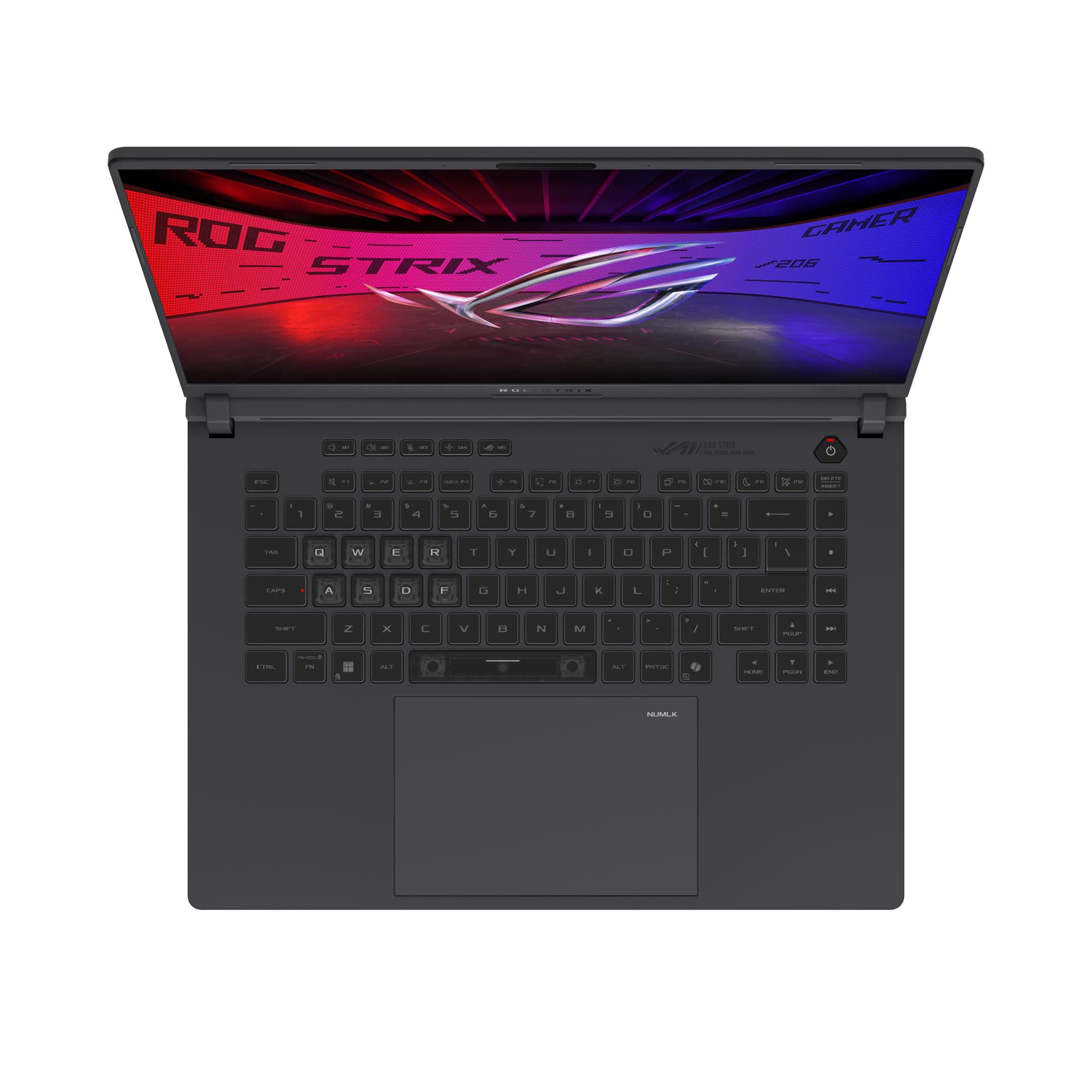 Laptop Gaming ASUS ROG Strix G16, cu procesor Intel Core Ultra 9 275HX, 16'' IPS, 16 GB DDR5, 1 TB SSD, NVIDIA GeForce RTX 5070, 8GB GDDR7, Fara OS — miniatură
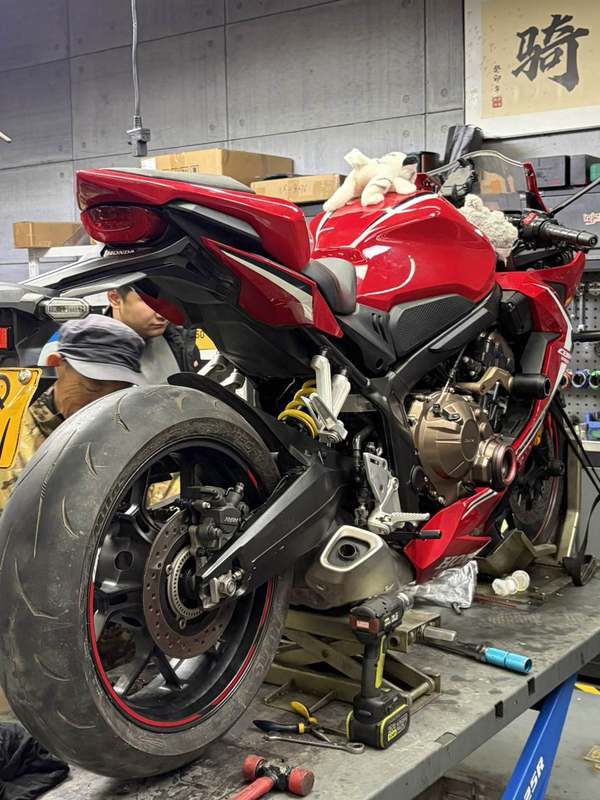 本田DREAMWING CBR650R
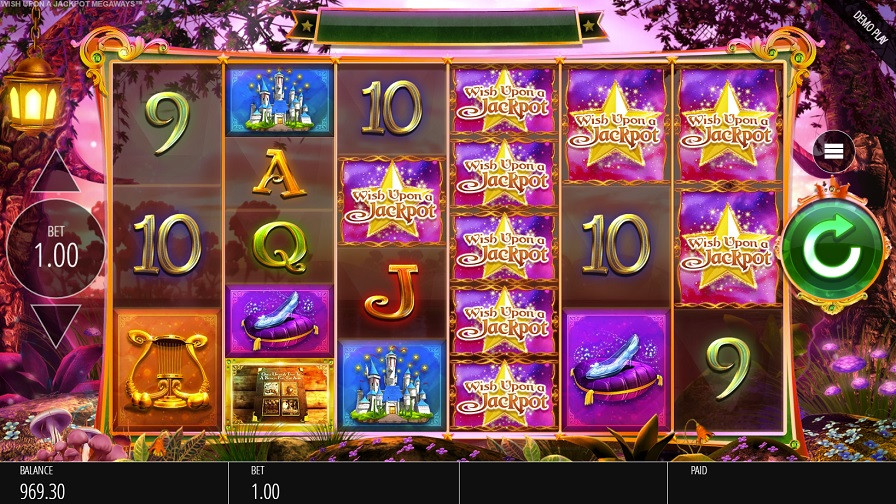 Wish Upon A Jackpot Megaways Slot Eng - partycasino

++++++++++

_WHAT IS EXPECTED_
Repeat the data word for word. Images are not part of the copy.

_RESPONSE BOX_
 Laptop Gaming ASUS ROG Strix G16, cu procesor Intel Core Ultra 9 275HX, 16'' IPS, 16 GB DDR5, 1 TB SSD, NVIDIA GeForce RTX 5070, 8GB GDDR7, Fara OS — miniatură
 本田DREAMWING CBR650R
 Wish Upon A Jackpot Megaways Slot Eng - partycasino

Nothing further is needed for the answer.